Transcribe word for word the section of the records below that opens with the line containing "F8TE-6881-AA FORD Oil" and closes with the line containing "Viaje en moto"; drop every picture.

▶ **Data for the task**:
---*---
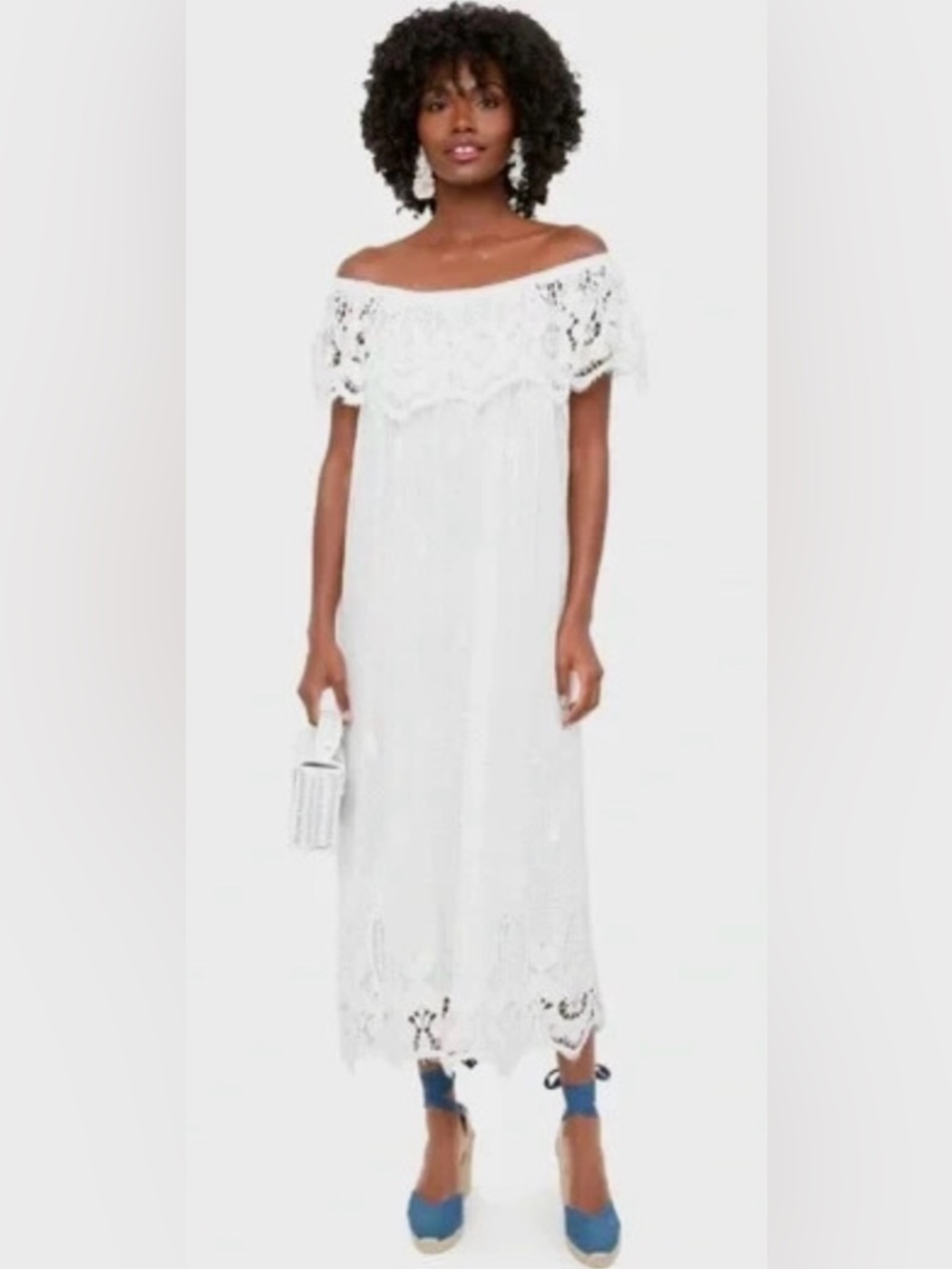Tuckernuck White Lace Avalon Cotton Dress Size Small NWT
---*---
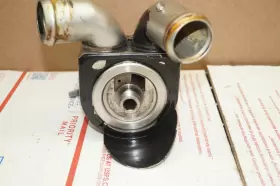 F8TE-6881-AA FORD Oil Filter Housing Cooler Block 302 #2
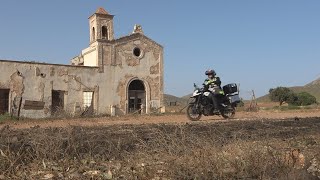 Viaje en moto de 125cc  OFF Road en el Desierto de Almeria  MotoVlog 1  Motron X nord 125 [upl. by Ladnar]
---*---
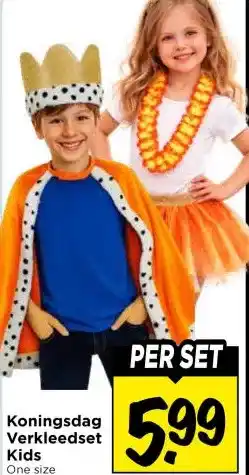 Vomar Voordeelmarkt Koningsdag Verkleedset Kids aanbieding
---*---
▶ **Response box**:
 F8TE-6881-AA FORD Oil Filter Housing Cooler Block 302 #2
 Viaje en moto de 125cc  OFF Road en el Desierto de Almeria  MotoVlog 1  Motron X nord 125 [upl. by Ladnar]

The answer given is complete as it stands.